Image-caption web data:
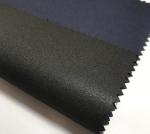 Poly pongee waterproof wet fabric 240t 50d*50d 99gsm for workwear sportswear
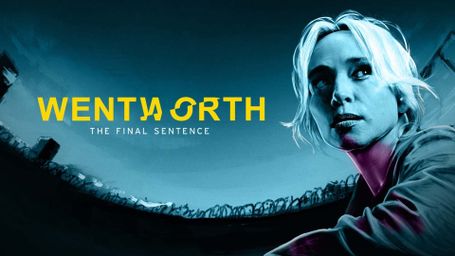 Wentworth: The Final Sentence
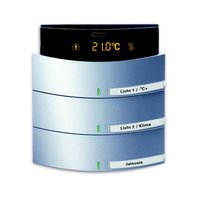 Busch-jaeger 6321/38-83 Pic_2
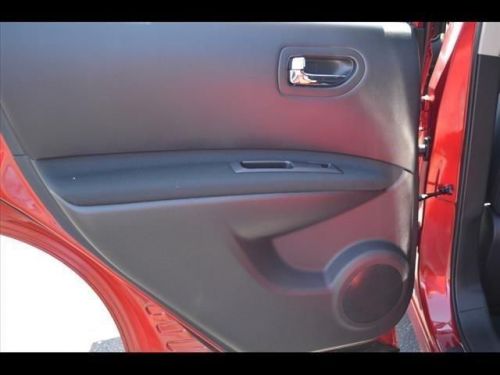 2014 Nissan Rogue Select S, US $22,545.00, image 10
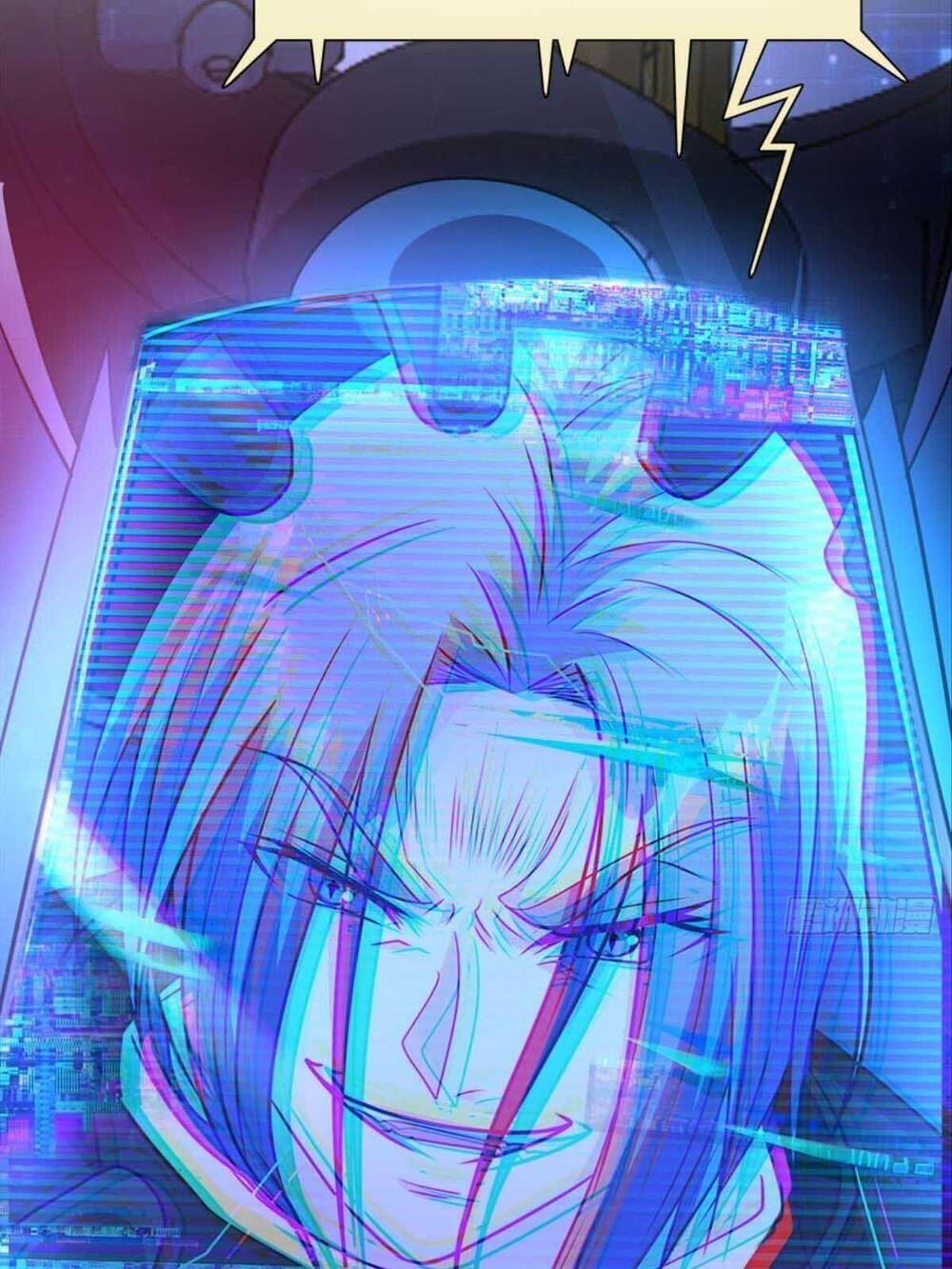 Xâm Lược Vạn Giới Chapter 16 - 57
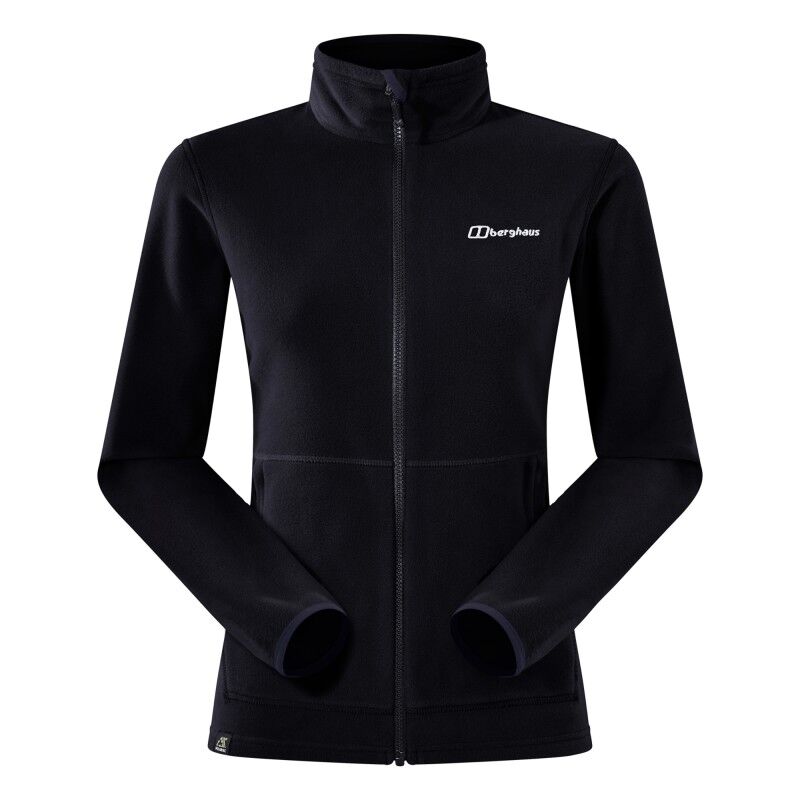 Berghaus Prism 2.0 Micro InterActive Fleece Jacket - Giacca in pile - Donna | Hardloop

Your assignment: Please copy the entries in full. Leave each image out.

Output for this task:
 Poly pongee waterproof wet fabric 240t 50d*50d 99gsm for workwear sportswear
 Wentworth: The Final Sentence
 Busch-jaeger 6321/38-83 Pic_2
 2014 Nissan Rogue Select S, US $22,545.00, image 10
 Xâm Lược Vạn Giới Chapter 16 - 57
 Berghaus Prism 2.0 Micro InterActive Fleece Jacket - Giacca in pile - Donna | Hardloop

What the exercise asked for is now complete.